NOAA Fisheries, Northwest Fisheries Science Center, Seattle, WA, USA.
Department of Biology, Section for Computational and RNA Biology, University of Copenhagen, Copenhagen, Denmark.
Mol Ecol Resour. 2022 Feb;22(2):503-518. doi: 10.1111/1755-0998.13482. Epub 2021 Sep 7.

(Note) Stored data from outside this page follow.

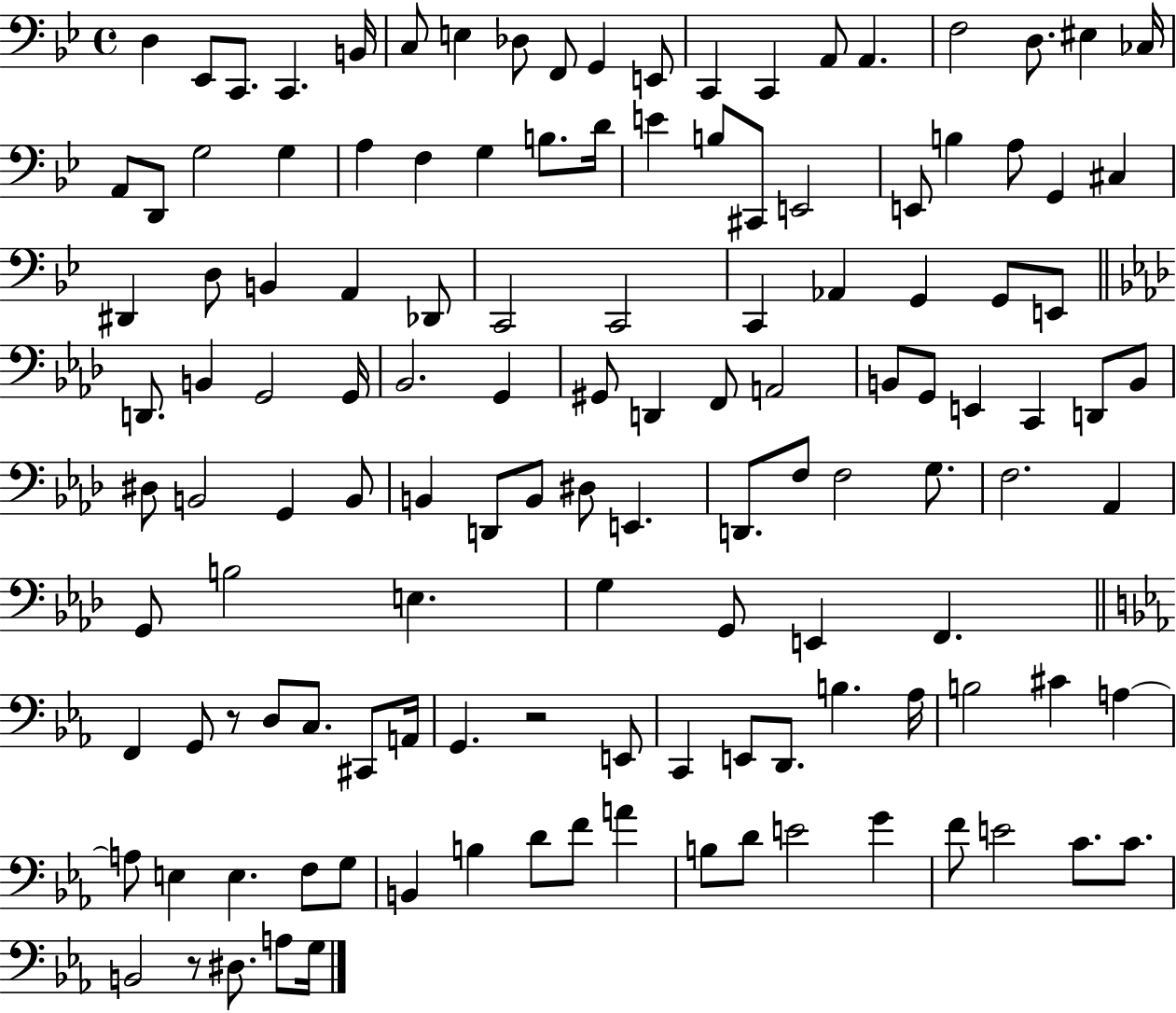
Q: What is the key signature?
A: BES major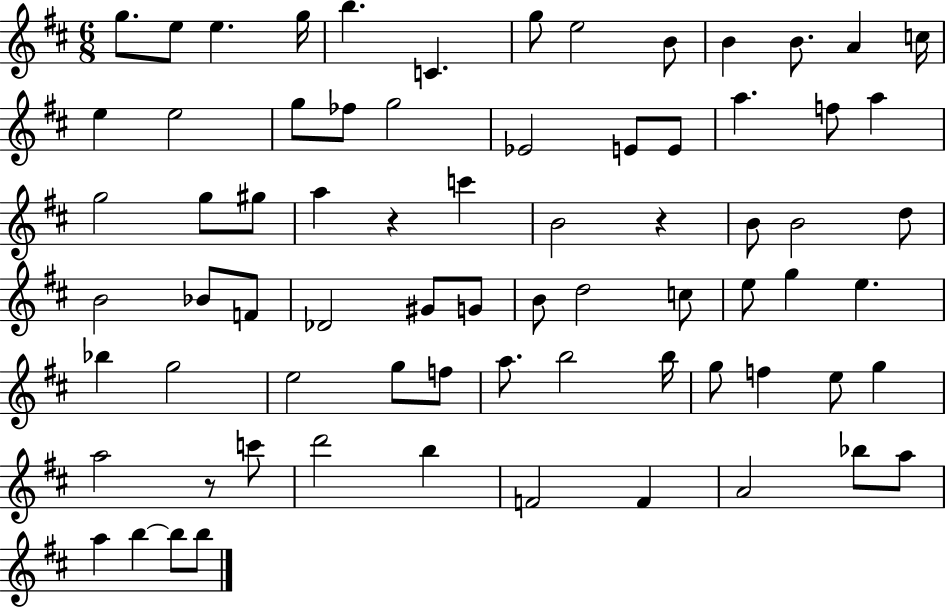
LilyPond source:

{
  \clef treble
  \numericTimeSignature
  \time 6/8
  \key d \major
  g''8. e''8 e''4. g''16 | b''4. c'4. | g''8 e''2 b'8 | b'4 b'8. a'4 c''16 | \break e''4 e''2 | g''8 fes''8 g''2 | ees'2 e'8 e'8 | a''4. f''8 a''4 | \break g''2 g''8 gis''8 | a''4 r4 c'''4 | b'2 r4 | b'8 b'2 d''8 | \break b'2 bes'8 f'8 | des'2 gis'8 g'8 | b'8 d''2 c''8 | e''8 g''4 e''4. | \break bes''4 g''2 | e''2 g''8 f''8 | a''8. b''2 b''16 | g''8 f''4 e''8 g''4 | \break a''2 r8 c'''8 | d'''2 b''4 | f'2 f'4 | a'2 bes''8 a''8 | \break a''4 b''4~~ b''8 b''8 | \bar "|."
}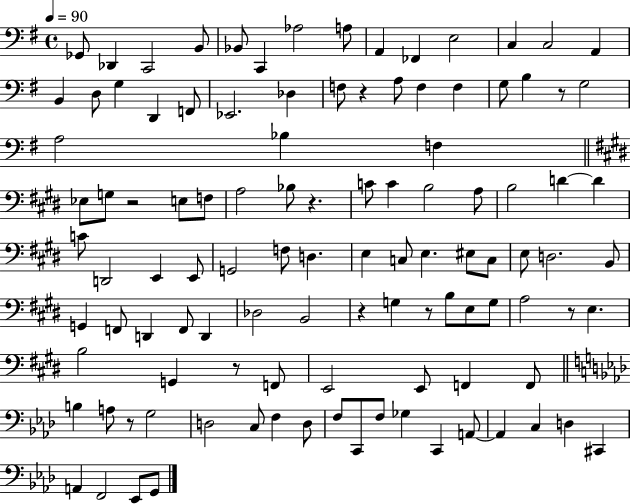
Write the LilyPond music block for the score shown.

{
  \clef bass
  \time 4/4
  \defaultTimeSignature
  \key g \major
  \tempo 4 = 90
  ges,8 des,4 c,2 b,8 | bes,8 c,4 aes2 a8 | a,4 fes,4 e2 | c4 c2 a,4 | \break b,4 d8 g4 d,4 f,8 | ees,2. des4 | f8 r4 a8 f4 f4 | g8 b4 r8 g2 | \break a2 bes4 f4 | \bar "||" \break \key e \major ees8 g8 r2 e8 f8 | a2 bes8 r4. | c'8 c'4 b2 a8 | b2 d'4~~ d'4 | \break c'8 d,2 e,4 e,8 | g,2 f8 d4. | e4 c8 e4. eis8 c8 | e8 d2. b,8 | \break g,4 f,8 d,4 f,8 d,4 | des2 b,2 | r4 g4 r8 b8 e8 g8 | a2 r8 e4. | \break b2 g,4 r8 f,8 | e,2 e,8 f,4 f,8 | \bar "||" \break \key aes \major b4 a8 r8 g2 | d2 c8 f4 d8 | f8 c,8 f8 ges4 c,4 a,8~~ | a,4 c4 d4 cis,4 | \break a,4 f,2 ees,8 g,8 | \bar "|."
}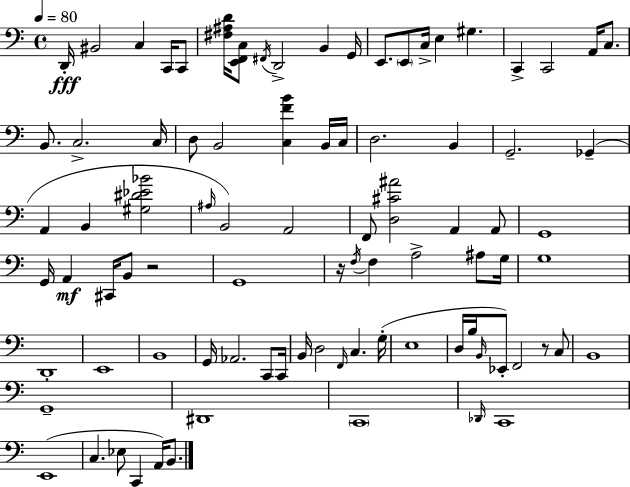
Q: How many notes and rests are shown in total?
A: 88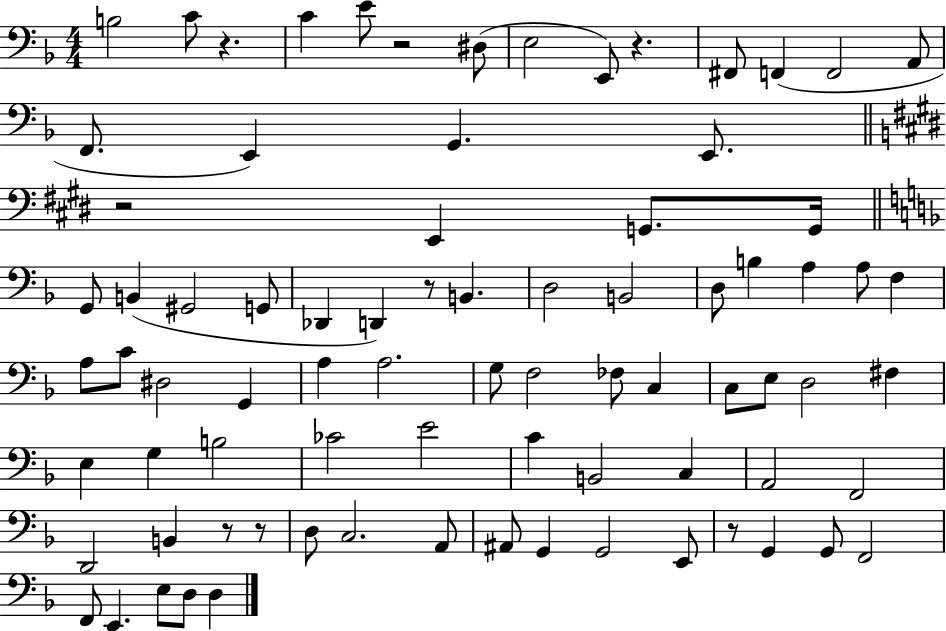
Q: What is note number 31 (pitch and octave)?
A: A3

In genomic-scale data sets, loci are closely packed within chromosomes and hence provide correlated information. Averaging across loci as if they were independent creates pseudoreplication, which reduces the effective degrees of freedom (df') compared to the nominal degrees of freedom, df. This issue has been known for some time, but consequences have not been systematically quantified across the entire genome. Here, we measured pseudoreplication (quantified by the ratio df'/df) for a common metric of genetic differentiation (F ) and a common measure of linkage disequilibrium between pairs of loci (r ). Based on data simulated using models (SLiM and msprime) that allow efficient forward-in-time and coalescent simulations while precisely controlling population pedigrees, we estimated df' and df'/df by measuring the rate of decline in the variance of mean F and mean r as more loci were used. For both indices, df' increases with N and genome size, as expected. However, even for large N and large genomes, df' for mean r plateaus after a few thousand loci, and a variance components analysis indicates that the limiting factor is uncertainty associated with sampling individuals rather than genes. Pseudoreplication is less extreme for F , but df'/df ≤0.01 can occur in data sets using tens of thousands of loci. Commonly-used block-jackknife methods consistently overestimated var (F ), producing very conservative confidence intervals. Predicting df' based on our modelling results as a function of N , L, S, and genome size provides a robust way to quantify precision associated with genomic-scale data sets.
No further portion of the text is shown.